Surco




En la clase de literatura, la profesora leía el cuento del labrador que se durmió arando con los bueyes. El labrador era el padre de doña Tere, la dueña de la pensión donde se alojaba Alfanhuí. Una mañana de nieve, Alfanhuí abandonó su casa, echó a andar por los campos blancos y se fue a Madrid, la ciudad en la que se llevaban zapatos de charol y había muchas cucarachas en los pisos de madera.

El labrador, que era de Cuenca, se quedó dormido con las manos en la mancera del arado. Los bueyes salieron del campo y tomaron el rumbo del Poniente. Trazaban un surco a través de montes y ríos. El hombre no despertaba ni nadie se atrevía a despertarlo. Los bueyes siguieron el curso del Tajo hasta Portugal. Atravesaron la playa y entraron en el mar. Solo entonces, al sentir las olas en el cuerpo, el labrador despertó. Preguntó dónde estaba, vendió los bueyes y emprendió el camino de vuelta a casa por el mismo surco que había abierto con el arado. Cuando llegó a a su tierra, hizo testamento y murió rodeado de todos los suyos.

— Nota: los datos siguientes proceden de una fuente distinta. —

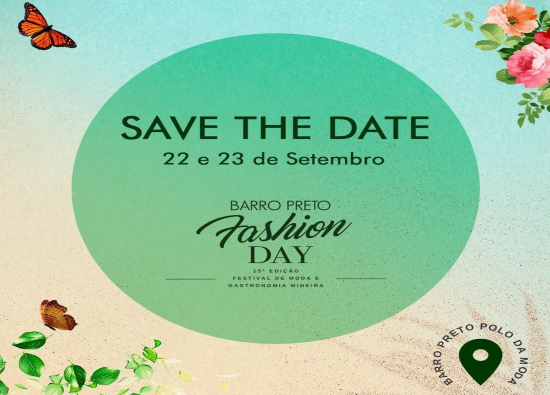 Barro Preto Fashion Day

Mientras leían la novela de Rafael Sánchez Ferlosio, la profesora descubrió que uno de los alumnos que se sentaban al fondo del aula se había quedado dormido. Algunos compañeros querían despertarlo de malos modos y reían al verlo apaciblemente recostado sobre la tabla del pupitre, con la cabeza entre los brazos, pero la profesora les pidió que guardaran silencio y no lo molestaran.

Era primera hora de la mañana, cuando la mayoría de los escolares fantasean, soñolientos. Aunque el niño no se había enterado de la lectura y merecía un negativo, la profesora le dejó dormir; como estaban en clase de literatura, meditaba: ¿quién sabe a dónde le llevarán los bueyes en su sueño?